Segundo Guerra (2001), existem quatro tipos mais comuns de violência que aparecem frequentemente nas instituições, como na escola e na relação familiar, principalmente a violência do adulto contra a criança, dentre eles: a violência física, psicológica, a sexual e, por último, a violência por negligência. A violência física é bem complexa, e por isto é considerada complicada de ser conceituada. Isto se dá também pelas novas descobertas em relação à violência, como citado anteriormente, abrangendo desde as agressões intencionais como os danos sem intenção. Entretanto, qualquer tipo de relação aonde um individuo exerce poder incondicional sobre o outro, com a finalidade de prejudicar este último com danos físicos, é caracterizado como um ato violento.
Já a violência sexual é caracterizada como o uso de um indivíduo para fins sexuais sem o consenso de quem é a vitima do ato, sendo que o autor da violência obtém satisfação sexual pelo uso do corpo do outro (GUERRA, 2001). A violência por negligência é caracterizado pela falta de cuidados de uma pessoa em relação à outra, comumente ocorre entre a relação do adulto com a criança. Destaca-se a falta de cuidados dos adultos com a criança, como exemplo, a omissão dos cuidados fundamentais, da supressão das necessidades básicas, dentre outros.
Por último, segundo Guerra (2001), temos a violência psicológica. Ela é reconhecida também por tortura de cunho psíquico, e tem como características as ameaças, rejeições, aterrorizar a vítima, atos de depreciação, agressões verbais, como o xingamento, isolamento, e qualquer atitude que provoque sofrimento mental.
Pela existência de muitas explicações e formas de se compreender a violência e suas características, iremos delimitar o campo de estudo pela compreensão da violência segundo as teorias da moralidade humana, para posteriormente, estudar as formas de como essa violência aparece nas escolas na atualidade. A psicologia da moralidade é uma área que pretende investigar a constituição da moralidade humana, numa perspectiva estrutural cognitivista.
Metodologia
A proposta deste trabalho foi fazer um levantamento bibliográfico dos trabalhos mais atuais, dentre eles artigos completos, resumos e livros, em vários sites de pesquisas cientificas que tratam da violência nas escolas na contemporaneidade, aos olhos das teorias que dizem respeito à moralidade humana. Foi realizado um estudo partindo da metodologia do estado da arte. Para Norma Ferreira (2002) os trabalhos de pesquisa nomeados estado da arte são compostos em registros descritivos, e sua grande meta é possibilitar ao pesquisador um vasto campo das pesquisas que foram realizadas em torno de temas específicos que interessam ao sujeito. Este mesmo autor ressalta que os trabalhos de estado da arte também podem servir para destacar as lacunas que ainda existem em determinados estudos, seja se tratando das temáticas que não foram satisfatoriamente exploradas, como também acerca das metodologias e novas tendências epistemológicas.
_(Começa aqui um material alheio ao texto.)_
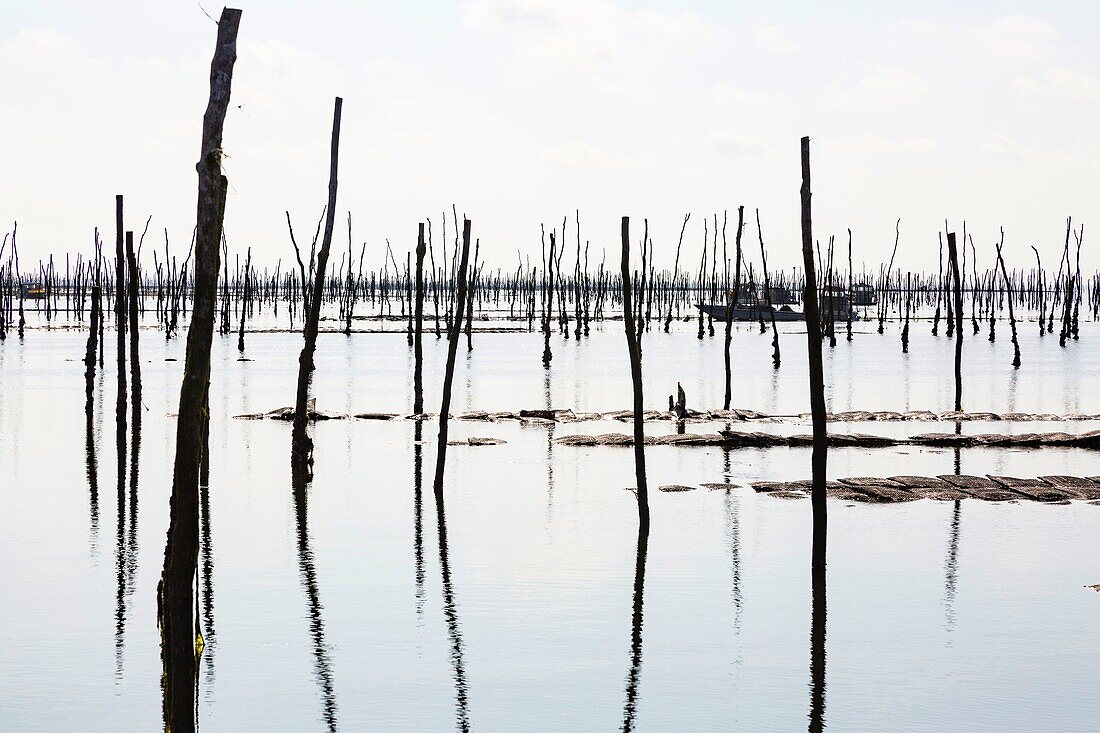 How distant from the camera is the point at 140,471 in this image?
15.1 meters

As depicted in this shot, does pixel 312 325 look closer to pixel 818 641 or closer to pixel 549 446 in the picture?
pixel 549 446

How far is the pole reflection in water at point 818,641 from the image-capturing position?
6.89 meters

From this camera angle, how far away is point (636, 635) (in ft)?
27.1

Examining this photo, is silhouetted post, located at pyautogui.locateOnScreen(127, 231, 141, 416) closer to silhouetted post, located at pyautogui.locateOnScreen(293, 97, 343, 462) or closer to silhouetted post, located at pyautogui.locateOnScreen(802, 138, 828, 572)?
silhouetted post, located at pyautogui.locateOnScreen(293, 97, 343, 462)

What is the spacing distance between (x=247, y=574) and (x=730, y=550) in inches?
140

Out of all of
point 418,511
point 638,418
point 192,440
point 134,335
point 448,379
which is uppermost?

Desta forma, destacamos que poucos trabalhos que foram levantadas na pesquisa tratam da violência nas escolas segundo a teoria da moralidade, e isto criou possibilidades de uma discussão diferente das demais que foram encontradas. No total foram levantados 40 artigos, resumos expandidos e alguns livros, e somente 18 foram usados neste trabalho. A primeira busca teve como palavra chave a violência, a segunda foi violência nas escolas, e por último, violência e moralidade nas escolas. A princípio foi discutida a violência na atualidade, partindo de artigos e livros que tratam do tema. Em seguida, propomos uma discussão sobre a violência segundo a moralidade e as atuais concepções de violência nas escolas. E para encerrar este trabalho, articulamos a violência segundo a teoria da moralidade com os tipos de violência encontrados nas escolas e brevemente apontamos quais as formas de se superar essa problemática.
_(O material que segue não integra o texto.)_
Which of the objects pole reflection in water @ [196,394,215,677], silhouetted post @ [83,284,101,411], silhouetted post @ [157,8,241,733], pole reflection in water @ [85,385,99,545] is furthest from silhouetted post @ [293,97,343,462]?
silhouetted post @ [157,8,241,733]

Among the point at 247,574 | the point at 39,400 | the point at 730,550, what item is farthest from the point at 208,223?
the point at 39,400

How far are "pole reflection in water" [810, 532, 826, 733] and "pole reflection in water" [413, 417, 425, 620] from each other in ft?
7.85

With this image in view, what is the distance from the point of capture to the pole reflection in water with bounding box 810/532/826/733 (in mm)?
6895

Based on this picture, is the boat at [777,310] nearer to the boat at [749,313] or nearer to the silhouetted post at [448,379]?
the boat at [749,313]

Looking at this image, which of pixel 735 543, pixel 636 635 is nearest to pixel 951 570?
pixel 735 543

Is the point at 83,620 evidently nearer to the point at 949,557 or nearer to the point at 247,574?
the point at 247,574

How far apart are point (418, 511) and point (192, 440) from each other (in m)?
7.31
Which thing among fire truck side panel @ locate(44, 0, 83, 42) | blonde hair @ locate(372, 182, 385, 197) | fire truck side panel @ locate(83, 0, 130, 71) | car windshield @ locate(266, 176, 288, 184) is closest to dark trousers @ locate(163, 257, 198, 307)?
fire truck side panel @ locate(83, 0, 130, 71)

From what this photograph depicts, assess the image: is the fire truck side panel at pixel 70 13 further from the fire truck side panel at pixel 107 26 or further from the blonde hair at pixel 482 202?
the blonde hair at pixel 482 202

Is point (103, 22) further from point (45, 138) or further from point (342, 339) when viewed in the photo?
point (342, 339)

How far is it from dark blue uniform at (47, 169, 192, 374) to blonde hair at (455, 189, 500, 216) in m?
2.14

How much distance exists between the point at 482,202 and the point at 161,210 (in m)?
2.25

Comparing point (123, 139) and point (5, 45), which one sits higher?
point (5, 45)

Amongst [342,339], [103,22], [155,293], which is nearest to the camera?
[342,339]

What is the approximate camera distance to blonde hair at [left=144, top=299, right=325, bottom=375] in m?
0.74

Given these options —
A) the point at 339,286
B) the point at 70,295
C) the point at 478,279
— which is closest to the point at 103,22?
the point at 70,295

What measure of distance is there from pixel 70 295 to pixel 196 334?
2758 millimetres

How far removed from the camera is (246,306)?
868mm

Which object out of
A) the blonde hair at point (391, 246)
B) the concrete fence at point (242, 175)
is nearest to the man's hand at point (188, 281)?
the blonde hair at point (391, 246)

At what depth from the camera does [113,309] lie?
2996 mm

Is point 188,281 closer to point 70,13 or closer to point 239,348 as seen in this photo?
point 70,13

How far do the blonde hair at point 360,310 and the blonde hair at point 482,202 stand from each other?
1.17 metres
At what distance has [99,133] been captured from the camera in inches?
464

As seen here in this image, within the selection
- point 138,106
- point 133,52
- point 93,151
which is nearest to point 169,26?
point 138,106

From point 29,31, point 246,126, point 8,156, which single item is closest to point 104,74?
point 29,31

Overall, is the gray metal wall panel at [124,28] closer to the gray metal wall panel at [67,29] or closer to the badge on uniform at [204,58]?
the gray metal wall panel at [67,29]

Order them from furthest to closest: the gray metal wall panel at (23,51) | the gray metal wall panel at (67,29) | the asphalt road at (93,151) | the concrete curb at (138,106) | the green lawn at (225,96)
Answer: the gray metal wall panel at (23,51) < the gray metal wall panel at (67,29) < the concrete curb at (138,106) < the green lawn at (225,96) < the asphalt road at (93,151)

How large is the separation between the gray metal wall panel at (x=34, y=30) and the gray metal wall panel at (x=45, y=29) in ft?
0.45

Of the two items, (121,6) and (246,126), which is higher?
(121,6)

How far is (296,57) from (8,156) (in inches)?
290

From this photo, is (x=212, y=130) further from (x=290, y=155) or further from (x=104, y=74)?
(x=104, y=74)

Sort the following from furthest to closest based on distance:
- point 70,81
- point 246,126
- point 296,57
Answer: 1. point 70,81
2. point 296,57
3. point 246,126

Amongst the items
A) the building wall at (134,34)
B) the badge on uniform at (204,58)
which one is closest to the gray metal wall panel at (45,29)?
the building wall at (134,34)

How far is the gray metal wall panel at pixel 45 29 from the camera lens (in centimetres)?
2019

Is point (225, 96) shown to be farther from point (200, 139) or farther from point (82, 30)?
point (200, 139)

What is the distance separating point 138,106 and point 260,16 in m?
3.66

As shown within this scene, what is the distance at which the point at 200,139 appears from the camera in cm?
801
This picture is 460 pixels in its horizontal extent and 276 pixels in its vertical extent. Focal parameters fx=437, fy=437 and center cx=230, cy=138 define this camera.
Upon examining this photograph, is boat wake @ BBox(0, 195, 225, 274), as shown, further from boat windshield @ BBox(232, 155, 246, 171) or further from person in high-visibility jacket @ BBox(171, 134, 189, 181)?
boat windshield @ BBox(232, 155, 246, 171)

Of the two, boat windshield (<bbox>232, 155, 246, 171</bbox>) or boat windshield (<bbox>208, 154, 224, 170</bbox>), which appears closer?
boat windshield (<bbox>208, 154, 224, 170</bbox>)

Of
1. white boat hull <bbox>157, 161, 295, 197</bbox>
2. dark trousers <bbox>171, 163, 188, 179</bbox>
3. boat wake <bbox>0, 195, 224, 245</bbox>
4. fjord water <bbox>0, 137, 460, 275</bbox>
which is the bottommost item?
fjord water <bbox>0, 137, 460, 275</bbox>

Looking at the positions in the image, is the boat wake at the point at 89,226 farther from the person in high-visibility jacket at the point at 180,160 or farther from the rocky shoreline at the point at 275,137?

Resultados: a violência segundo a teoria da moralidade humana e as atuais concepções sobre violência nas escolas
Correlacionando a violência com a moralidade, La Taille (2009) nos explica o que é a violência e nos oferece uma definição. Para este autor, a violência pode ser entendida como sendo o uso de força excessiva com a intenção de coibir outra pessoa. Mas ele entende que, mesmo o uso de força para coagir sendo caracterizado como violento, dependendo das circunstâncias, pode ser legitimado. Como exemplo, uma mãe pode obrigar o filho a comer frutas, o ato em si é violento, mas sua finalidade é nutrir seu filho, ou seja, é uma intenção boa por trás do ato que pode ser classificado até como violento. Desta forma, essa atitude é considerada moral.
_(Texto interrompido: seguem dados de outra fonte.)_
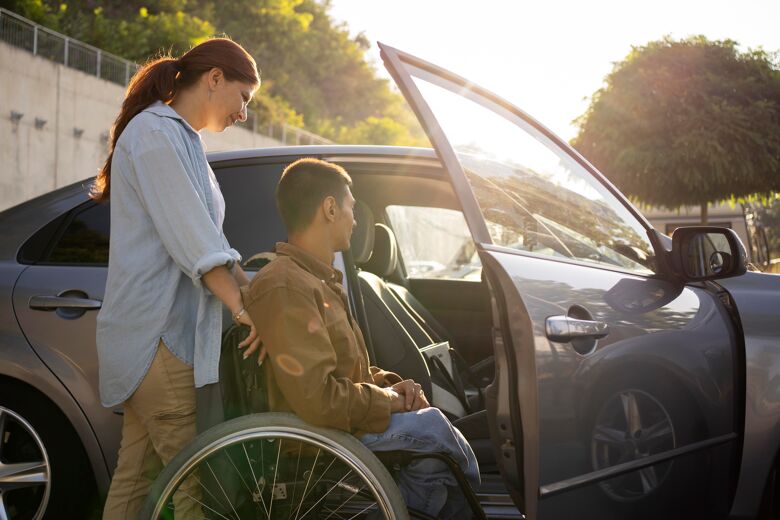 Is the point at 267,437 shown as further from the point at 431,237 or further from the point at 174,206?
the point at 431,237

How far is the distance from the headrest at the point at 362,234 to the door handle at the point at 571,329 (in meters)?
1.23

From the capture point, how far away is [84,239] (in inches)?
→ 129

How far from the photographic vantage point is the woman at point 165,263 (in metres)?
2.36

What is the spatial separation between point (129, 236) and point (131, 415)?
1.85ft

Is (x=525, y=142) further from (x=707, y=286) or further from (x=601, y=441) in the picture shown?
(x=601, y=441)

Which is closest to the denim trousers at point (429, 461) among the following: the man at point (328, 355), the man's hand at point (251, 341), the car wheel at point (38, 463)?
the man at point (328, 355)

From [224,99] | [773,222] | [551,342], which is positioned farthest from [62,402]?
[773,222]

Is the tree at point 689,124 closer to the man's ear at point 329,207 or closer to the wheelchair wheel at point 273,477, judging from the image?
the man's ear at point 329,207

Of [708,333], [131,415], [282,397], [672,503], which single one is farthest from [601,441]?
[131,415]

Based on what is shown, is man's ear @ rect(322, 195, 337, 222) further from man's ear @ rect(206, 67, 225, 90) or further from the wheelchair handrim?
the wheelchair handrim

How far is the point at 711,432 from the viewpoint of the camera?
102 inches

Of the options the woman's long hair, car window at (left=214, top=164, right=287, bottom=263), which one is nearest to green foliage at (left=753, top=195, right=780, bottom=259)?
car window at (left=214, top=164, right=287, bottom=263)

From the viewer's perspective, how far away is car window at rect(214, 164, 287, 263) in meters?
3.32

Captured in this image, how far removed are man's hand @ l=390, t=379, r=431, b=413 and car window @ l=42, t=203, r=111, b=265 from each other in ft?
4.42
Trata-se de uma correlação de força e da privação de liberdade. Logo, trata-se de um ato de violência, no sentido primeiro da palavra. Todavia, fica claro que a vitima será a primeira a beneficiar-se, do ponto de vista da sua saúde, da coação que é submetida. Vê-se de imediato a importância desse ponto para o juízo moral: é ato moralmente condenável a humilhação, mas não o é o ato coercitivo com clara finalidade educacional. Logo, na perspectiva moral, haveremos a discutir a legitimidade ou não da ação violenta (LA TAILLE, 2009, p.331).
Compreendendo o que é moral, La taille (ibid.) define esta como sendo "um conjunto de condutas consideradas como obrigatórias, portanto, como deveres (negativos e posivitos)" (La Taille, 2009, p.331). A obrigação está intrinsecamente ligada com a consideração pelo outro, com o respeito pelo próximo, sendo que este "outro" é um indivíduo que também tem direito e dignidade. Desta forma, citando um exemplo de violência do ponto de vista moral, uma atitude grosseira, mesmo não sendo uma agressão física, pode ser classificada como violenta, pelo simples fato de ser um ato de desrespeito com o próximo.
Para Kolhberg (1992) a moralidade se efetiva por estágios hierárquicos e o centro da moralidade é o principio da justiça, acompanhado de uma formulação racional e estruturalista.
Para este mesmo autor, a primeira etapa é o nível pré-convencional, composto pelos primeiro e segundo estágios. Este nível é baseado em necessidades individuais, tendo como característica o hedonismo e o comportamento egoísta, no qual o indivíduo foca-se apenas em interesses de cunho pessoal. O segundo nível é o período convencional, baseado no desempenho correto de papeis e no atendimento de expectativas, sendo composto pelos estágios três e quatro. Neste nível, a conscientização da moralidade estabelece uma ligação com os deveres impostos pela sociedade, marcado também pela preocupação do sujeito no acolhimento e aceitação social. O último nível é o pós-convencional, baseado na moralidade por princípios universalizantes, no qual estão os estágios cinco e seis, que caracterizam os estágios mais desenvolvidos da moralidade.
Segundo Kohlberg (1992), poucas pessoas atingem o 5º estágio de desenvolvimento moral, e apenas algumas figuras ilustres, como Gandhi, Madre Tereza e Luther King, foram capazes de atingirem o 6º estágio.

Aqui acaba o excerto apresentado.